Work to complete - Locate the line that contains "롯데백화점 대구점 문화홀 [반짝반짝 달님이 내동생은 천하무적] 공연 관람 후기" in the entries below, then repeat it and every following line through the line that contains "ありがとうございました！🍊", exactly, and no others.

Record extracts -
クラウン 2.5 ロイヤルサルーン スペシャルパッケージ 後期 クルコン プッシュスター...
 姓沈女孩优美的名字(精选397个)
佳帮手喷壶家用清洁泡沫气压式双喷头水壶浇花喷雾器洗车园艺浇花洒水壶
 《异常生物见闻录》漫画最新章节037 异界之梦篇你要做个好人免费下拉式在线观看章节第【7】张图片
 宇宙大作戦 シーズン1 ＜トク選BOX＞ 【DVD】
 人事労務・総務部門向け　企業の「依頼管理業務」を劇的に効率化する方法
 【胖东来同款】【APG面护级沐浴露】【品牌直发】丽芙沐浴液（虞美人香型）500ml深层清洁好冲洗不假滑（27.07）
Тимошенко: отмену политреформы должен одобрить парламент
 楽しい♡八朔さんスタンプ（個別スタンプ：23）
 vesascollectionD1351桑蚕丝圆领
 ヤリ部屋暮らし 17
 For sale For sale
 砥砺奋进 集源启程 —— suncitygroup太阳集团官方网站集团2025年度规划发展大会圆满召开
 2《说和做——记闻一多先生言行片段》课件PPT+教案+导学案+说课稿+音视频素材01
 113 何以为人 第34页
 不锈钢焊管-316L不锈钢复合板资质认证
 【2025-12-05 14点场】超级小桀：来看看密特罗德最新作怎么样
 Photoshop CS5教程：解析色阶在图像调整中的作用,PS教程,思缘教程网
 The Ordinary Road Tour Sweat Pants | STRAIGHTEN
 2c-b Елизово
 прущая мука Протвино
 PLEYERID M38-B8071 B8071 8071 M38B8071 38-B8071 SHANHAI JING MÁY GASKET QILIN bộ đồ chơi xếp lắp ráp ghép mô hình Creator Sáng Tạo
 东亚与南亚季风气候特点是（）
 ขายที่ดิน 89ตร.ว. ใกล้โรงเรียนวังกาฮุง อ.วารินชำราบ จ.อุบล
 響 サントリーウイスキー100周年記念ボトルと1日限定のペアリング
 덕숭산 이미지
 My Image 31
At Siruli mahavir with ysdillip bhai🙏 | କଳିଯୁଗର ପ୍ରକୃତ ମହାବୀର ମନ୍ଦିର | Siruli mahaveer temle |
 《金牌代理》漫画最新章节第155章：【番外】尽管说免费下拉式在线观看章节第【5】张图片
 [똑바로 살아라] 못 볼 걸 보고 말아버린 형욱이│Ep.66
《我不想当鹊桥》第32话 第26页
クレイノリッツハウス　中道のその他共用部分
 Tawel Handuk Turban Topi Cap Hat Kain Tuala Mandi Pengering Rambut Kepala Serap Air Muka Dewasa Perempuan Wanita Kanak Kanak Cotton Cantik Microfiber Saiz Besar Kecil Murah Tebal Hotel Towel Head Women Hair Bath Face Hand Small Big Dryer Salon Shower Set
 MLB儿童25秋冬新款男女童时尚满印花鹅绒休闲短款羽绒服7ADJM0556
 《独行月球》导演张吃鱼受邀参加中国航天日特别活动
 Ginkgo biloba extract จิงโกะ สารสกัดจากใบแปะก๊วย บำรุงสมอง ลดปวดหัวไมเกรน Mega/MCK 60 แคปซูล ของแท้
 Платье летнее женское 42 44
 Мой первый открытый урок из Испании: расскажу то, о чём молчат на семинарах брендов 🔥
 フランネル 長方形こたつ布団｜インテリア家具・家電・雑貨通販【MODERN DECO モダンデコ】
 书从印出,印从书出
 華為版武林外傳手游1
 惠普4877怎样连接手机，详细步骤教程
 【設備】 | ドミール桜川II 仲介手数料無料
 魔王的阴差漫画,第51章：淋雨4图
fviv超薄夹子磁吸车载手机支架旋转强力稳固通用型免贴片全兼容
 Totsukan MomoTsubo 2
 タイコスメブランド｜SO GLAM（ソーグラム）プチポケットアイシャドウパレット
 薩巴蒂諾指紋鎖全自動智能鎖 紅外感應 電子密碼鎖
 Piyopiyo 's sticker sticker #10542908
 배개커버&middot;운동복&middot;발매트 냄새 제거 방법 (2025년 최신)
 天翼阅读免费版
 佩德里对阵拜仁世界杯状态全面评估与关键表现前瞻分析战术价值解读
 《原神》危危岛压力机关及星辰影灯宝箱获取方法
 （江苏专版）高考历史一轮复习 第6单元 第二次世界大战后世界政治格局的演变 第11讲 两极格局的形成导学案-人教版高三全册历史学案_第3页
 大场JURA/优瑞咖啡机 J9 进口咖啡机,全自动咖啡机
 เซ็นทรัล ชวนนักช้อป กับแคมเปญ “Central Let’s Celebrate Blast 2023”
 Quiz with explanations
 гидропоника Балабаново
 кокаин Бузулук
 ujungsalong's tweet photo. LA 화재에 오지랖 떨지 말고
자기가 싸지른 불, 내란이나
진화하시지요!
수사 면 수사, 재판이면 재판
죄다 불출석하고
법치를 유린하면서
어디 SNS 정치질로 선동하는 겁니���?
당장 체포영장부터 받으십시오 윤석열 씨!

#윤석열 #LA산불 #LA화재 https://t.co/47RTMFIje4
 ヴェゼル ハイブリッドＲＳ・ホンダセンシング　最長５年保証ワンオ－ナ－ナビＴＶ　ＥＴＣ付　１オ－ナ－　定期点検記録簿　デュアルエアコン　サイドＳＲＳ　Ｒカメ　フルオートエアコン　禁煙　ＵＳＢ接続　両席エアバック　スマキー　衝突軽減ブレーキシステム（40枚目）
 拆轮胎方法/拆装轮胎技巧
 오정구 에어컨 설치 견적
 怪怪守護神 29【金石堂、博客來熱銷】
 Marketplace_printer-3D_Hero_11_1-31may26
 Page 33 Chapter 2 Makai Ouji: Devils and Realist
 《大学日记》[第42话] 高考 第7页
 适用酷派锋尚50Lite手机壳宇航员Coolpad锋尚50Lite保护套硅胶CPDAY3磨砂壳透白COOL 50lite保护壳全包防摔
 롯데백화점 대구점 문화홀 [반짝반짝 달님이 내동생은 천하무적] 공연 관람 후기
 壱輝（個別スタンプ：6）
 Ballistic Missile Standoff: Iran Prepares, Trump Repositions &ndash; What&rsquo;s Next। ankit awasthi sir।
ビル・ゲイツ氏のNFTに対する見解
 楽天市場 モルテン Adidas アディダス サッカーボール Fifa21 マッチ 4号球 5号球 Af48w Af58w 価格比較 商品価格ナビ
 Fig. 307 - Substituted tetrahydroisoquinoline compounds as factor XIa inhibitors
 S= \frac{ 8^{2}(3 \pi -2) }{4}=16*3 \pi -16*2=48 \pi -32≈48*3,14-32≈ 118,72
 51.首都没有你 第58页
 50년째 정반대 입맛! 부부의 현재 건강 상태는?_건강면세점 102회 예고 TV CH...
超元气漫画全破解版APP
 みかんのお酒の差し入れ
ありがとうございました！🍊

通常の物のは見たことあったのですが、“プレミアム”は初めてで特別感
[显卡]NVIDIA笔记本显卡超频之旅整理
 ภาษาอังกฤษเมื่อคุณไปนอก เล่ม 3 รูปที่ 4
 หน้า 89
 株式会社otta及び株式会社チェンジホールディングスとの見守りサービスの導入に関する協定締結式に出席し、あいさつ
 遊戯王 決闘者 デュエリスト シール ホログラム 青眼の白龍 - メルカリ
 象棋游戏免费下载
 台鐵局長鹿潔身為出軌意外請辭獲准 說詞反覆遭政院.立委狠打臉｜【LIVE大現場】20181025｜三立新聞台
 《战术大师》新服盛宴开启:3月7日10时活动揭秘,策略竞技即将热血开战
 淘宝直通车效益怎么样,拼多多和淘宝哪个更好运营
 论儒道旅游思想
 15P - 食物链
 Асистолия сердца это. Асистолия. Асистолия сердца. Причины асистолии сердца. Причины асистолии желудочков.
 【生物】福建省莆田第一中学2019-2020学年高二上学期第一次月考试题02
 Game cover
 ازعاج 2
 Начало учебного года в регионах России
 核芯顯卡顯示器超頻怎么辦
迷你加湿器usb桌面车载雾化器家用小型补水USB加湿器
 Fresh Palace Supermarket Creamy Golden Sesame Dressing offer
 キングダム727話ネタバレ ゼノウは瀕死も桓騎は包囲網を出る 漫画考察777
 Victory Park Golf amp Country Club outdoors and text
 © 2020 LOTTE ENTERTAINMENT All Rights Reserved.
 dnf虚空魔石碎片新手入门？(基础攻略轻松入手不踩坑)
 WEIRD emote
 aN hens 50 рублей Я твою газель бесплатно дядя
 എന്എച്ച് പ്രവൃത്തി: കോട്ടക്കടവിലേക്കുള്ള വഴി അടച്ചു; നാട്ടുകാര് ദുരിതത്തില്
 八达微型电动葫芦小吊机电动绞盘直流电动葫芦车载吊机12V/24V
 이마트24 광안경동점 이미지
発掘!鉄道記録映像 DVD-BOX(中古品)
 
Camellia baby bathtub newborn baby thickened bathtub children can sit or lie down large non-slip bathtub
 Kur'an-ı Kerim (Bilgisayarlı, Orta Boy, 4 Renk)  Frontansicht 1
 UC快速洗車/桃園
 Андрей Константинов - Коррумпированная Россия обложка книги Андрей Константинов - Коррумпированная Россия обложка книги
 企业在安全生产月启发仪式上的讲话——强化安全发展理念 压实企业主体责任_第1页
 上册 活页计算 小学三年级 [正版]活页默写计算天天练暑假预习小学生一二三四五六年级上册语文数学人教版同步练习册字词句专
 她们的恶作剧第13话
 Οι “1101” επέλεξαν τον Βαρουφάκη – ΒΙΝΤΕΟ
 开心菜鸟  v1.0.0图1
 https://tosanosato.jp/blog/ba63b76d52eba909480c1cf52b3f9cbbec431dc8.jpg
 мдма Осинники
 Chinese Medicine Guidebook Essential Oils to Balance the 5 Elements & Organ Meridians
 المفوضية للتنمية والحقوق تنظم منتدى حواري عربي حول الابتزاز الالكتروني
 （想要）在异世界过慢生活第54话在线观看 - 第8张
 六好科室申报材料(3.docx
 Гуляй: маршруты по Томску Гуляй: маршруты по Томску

Written solution -
 롯데백화점 대구점 문화홀 [반짝반짝 달님이 내동생은 천하무적] 공연 관람 후기
 壱輝（個別スタンプ：6）
 Ballistic Missile Standoff: Iran Prepares, Trump Repositions &ndash; What&rsquo;s Next। ankit awasthi sir।
ビル・ゲイツ氏のNFTに対する見解
 楽天市場 モルテン Adidas アディダス サッカーボール Fifa21 マッチ 4号球 5号球 Af48w Af58w 価格比較 商品価格ナビ
 Fig. 307 - Substituted tetrahydroisoquinoline compounds as factor XIa inhibitors
 S= \frac{ 8^{2}(3 \pi -2) }{4}=16*3 \pi -16*2=48 \pi -32≈48*3,14-32≈ 118,72
 51.首都没有你 第58页
 50년째 정반대 입맛! 부부의 현재 건강 상태는?_건강면세점 102회 예고 TV CH...
超元气漫画全破解版APP
 みかんのお酒の差し入れ
ありがとうございました！🍊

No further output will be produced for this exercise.